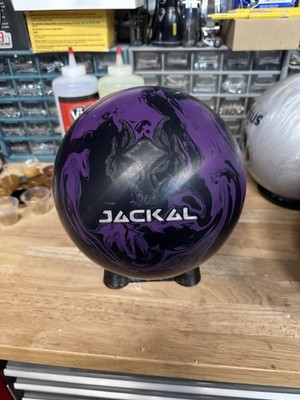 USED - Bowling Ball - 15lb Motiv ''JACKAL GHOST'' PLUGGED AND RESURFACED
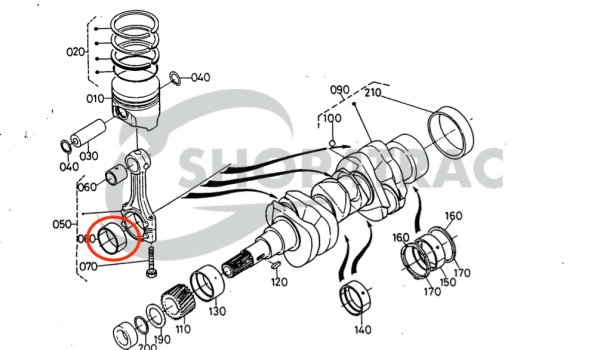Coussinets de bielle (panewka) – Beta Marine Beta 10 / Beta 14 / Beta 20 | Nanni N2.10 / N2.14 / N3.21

________________________

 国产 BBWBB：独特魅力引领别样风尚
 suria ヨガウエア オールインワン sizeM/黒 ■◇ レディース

________________________

HOW TO COMPLETE THIS TASK. Of all the material above, only the lines from the one that has "USED - Bowling" down to the one that has "Coussinets de bielle" are to be written out, exactly and with both ends included. Pictures are skipped.

EXERCISE RESPONSE.
 USED - Bowling Ball - 15lb Motiv ''JACKAL GHOST'' PLUGGED AND RESURFACED
Coussinets de bielle (panewka) – Beta Marine Beta 10 / Beta 14 / Beta 20 | Nanni N2.10 / N2.14 / N3.21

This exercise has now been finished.